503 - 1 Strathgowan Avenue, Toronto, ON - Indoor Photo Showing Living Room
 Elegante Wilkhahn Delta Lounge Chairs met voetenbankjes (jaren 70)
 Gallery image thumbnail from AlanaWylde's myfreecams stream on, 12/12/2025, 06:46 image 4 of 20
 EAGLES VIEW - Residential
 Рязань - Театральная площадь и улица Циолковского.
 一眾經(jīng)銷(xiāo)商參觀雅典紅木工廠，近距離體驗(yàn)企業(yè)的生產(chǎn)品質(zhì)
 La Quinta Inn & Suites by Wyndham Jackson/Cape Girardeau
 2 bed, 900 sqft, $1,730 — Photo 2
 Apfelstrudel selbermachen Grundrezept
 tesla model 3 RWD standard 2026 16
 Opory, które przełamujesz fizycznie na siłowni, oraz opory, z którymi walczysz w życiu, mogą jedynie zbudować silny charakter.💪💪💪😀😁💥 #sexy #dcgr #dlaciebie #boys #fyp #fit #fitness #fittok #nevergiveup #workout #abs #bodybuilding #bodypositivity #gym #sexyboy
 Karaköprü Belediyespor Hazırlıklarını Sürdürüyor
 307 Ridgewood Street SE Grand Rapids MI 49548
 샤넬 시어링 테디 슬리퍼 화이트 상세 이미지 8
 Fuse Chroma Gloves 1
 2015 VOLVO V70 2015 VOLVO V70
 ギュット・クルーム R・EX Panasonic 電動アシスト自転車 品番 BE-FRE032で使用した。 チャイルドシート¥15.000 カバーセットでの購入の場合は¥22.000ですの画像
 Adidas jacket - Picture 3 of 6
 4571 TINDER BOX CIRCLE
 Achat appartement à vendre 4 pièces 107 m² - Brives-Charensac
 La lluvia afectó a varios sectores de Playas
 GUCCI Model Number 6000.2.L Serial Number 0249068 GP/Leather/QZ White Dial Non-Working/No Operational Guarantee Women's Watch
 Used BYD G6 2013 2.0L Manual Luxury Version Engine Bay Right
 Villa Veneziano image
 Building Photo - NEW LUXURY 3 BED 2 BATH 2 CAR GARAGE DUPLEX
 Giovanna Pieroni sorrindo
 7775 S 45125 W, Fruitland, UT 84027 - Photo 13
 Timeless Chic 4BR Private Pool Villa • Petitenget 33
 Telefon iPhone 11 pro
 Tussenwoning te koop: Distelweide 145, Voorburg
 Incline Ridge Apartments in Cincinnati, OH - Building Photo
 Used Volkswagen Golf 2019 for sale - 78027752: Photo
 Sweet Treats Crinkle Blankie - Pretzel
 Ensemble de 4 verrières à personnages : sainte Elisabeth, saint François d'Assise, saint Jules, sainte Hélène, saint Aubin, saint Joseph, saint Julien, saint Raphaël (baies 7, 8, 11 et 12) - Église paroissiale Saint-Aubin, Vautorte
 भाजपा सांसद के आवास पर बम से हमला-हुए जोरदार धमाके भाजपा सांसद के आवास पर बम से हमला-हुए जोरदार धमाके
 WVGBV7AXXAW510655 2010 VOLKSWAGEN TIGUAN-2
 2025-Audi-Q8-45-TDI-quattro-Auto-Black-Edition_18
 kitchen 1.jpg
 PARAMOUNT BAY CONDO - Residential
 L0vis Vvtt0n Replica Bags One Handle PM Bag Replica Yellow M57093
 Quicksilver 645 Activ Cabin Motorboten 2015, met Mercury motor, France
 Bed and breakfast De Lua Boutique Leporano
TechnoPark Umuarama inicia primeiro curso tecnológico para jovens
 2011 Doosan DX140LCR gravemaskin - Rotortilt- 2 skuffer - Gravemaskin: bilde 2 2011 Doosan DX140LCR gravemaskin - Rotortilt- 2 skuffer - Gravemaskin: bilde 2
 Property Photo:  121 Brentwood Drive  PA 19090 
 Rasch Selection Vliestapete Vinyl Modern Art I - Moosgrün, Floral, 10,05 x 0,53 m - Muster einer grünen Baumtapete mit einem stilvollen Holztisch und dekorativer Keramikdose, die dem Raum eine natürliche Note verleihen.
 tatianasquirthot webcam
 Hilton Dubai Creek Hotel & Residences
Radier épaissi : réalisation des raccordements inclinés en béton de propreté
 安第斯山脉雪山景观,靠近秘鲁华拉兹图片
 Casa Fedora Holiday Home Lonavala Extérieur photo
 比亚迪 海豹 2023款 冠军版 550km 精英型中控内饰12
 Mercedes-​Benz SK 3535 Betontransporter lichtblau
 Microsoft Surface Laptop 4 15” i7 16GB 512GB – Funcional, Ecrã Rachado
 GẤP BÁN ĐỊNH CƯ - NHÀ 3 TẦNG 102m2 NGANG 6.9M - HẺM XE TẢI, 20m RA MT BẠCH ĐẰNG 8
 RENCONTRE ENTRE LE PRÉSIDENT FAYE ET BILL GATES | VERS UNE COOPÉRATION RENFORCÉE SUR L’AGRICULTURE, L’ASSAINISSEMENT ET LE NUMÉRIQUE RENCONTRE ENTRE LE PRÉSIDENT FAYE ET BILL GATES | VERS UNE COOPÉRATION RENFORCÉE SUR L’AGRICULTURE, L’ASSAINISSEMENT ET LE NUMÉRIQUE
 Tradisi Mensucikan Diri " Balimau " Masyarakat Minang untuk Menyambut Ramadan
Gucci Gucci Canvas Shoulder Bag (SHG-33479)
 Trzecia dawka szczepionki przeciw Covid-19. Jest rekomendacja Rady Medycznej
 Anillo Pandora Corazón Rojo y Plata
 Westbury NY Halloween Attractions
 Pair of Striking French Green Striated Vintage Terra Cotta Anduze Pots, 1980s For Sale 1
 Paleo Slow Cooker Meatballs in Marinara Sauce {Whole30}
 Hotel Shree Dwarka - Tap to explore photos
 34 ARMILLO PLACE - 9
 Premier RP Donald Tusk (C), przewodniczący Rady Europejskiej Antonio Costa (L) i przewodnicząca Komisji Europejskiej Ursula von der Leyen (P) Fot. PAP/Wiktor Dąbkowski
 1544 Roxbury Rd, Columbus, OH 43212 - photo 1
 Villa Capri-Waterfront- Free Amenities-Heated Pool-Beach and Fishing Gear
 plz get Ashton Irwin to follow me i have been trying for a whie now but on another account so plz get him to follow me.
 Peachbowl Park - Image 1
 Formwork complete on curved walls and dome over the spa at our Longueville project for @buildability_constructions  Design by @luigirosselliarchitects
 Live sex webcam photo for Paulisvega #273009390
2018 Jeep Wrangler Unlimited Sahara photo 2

.....

Instructions for the task: Reproduce exactly the lines of the records above from the one with "Giovanna Pieroni sorrindo" to the one with "Sweet Treats Crinkle Blankie - Pretzel", both included, and leave out everything else.

Reply:
 Giovanna Pieroni sorrindo
 7775 S 45125 W, Fruitland, UT 84027 - Photo 13
 Timeless Chic 4BR Private Pool Villa • Petitenget 33
 Telefon iPhone 11 pro
 Tussenwoning te koop: Distelweide 145, Voorburg
 Incline Ridge Apartments in Cincinnati, OH - Building Photo
 Used Volkswagen Golf 2019 for sale - 78027752: Photo
 Sweet Treats Crinkle Blankie - Pretzel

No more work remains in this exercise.